The Senate Republican leader said Thursday his party can’t “reverse the damage Democrats have done” as long as President Obama still holds the veto, but said if the president wants to get anything done over the next two years he will have “to move in our direction.”
“The White House has a choice: They can change course, or they can double down on a vision of government that the American people have roundly rejected,” Sen. Mitch McConnell, Kentucky Republican, said. “If they choose the former, they’ll find a partner in Republicans. If they don’t, we will have more disagreements ahead.”
In a speech to the Heritage Foundation, Mr. McConnell, who has led his party through the downs of 2008 and the ups of 2010, said that means “repeatedly” trying — but expecting to fail — to repeal Mr. Obama’s signature health care law.
Even though Republicans control the House, the Senate’s rules requiring consensus ensure that the upper chamber will remain the key to any legislation that will pass. That means Mr. McConnell remains the key gatekeeper.
He said Mr. Obama must realize the election was “about you.”
In a press conference Wednesday, Mr. Obama seemed to accept that analysis. The president was introspective, and at times despondent, as he accepted blame for his party’s disastrous showing.
And Mr. Obama listed some areas where he said his agenda will already be circumscribed, such as his goal of passing a broad bill to limit greenhouse gas emissions.
While Mr. Obama was chastened post-election, Mr. McConnell stuck to the same tone he has taken for the last two years of steely, plain-spoken opposition.
After a questioner asked him why he didn’t also mention trying to repeal the financial regulation bill, Mr. McConnell said they would try that, too: “I’m sorry I left that out.”
“Health care was the worst piece of legislation passed in my time in the Senate. The financial services bill is somewhere up there close to that,” he said.
But Mr. McConnell also tried to manage expectations for Republicans, who won new votes in the Senate while decisively capturing control of the House. Despite the results, Republicans said still don’t run the government, Mr. McConnell said.

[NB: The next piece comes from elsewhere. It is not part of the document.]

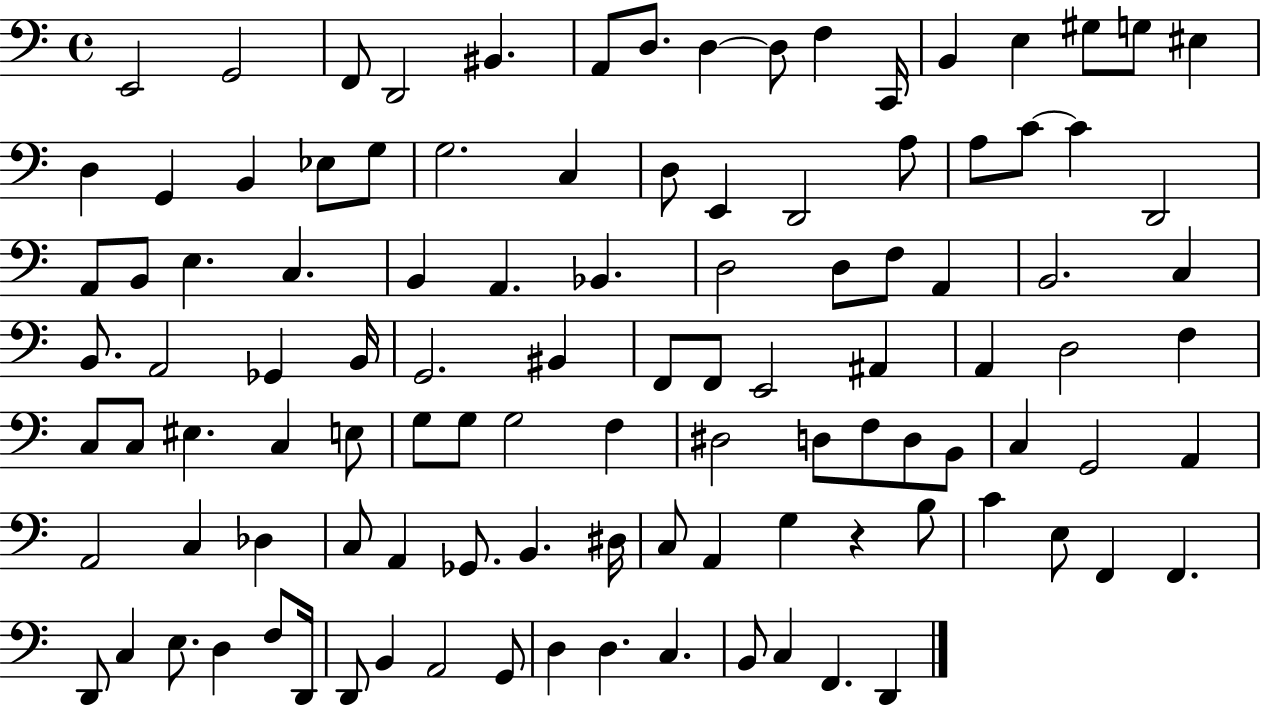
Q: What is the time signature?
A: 4/4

“By their own admission, leaders of the Republican Revolution of 1994 think their greatest mistake was overlooking the power of the veto. They gave the impression they were somehow in charge when they weren’t,” Mr. McConnell said. “After President Clinton vetoed their bills, making it impossible for them to accomplish all their goals, they ended up being viewed as failures, sellouts or both.”